• [RECORDS TO USE]:
───
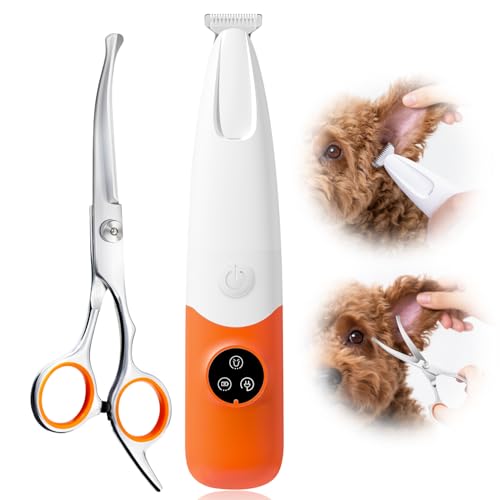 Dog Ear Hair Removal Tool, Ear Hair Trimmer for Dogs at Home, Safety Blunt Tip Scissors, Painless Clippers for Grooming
───
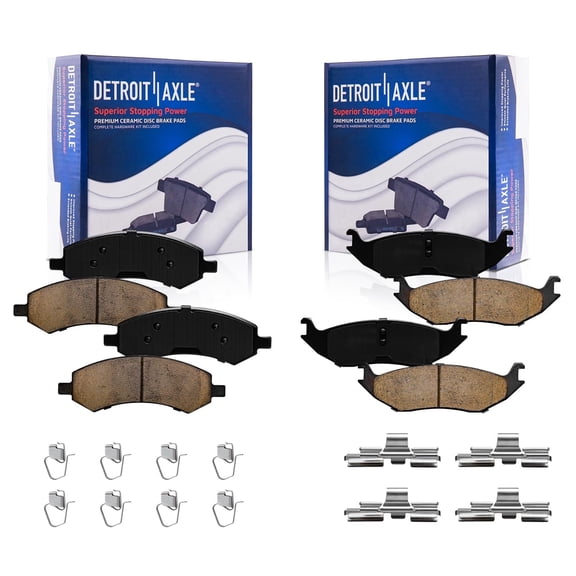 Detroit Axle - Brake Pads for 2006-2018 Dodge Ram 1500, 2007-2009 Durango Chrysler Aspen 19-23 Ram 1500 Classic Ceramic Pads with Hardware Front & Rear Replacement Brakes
───
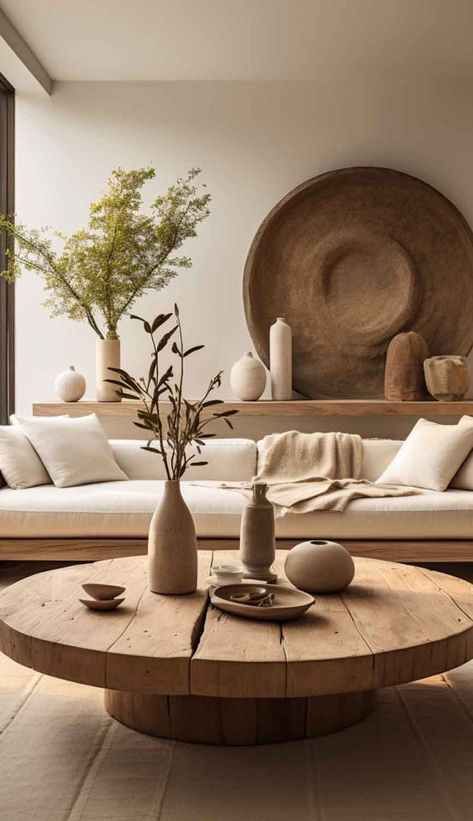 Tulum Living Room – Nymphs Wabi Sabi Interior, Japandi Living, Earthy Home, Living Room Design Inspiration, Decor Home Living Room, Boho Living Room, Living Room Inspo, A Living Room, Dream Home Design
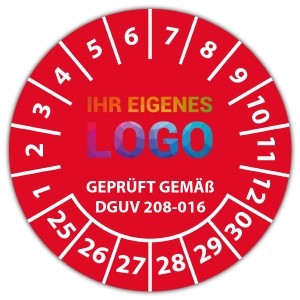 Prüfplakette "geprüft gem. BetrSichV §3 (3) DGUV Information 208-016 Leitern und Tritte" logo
───
• [TASK OBJECTIVE]: Return the lines above from the one with "Tulum Living Room" through the one with "gem. BetrSichV §3", verbatim and nothing else. Omit every picture.

• [OUTPUT]:
 Tulum Living Room – Nymphs Wabi Sabi Interior, Japandi Living, Earthy Home, Living Room Design Inspiration, Decor Home Living Room, Boho Living Room, Living Room Inspo, A Living Room, Dream Home Design
 Prüfplakette "geprüft gem. BetrSichV §3 (3) DGUV Information 208-016 Leitern und Tritte" logo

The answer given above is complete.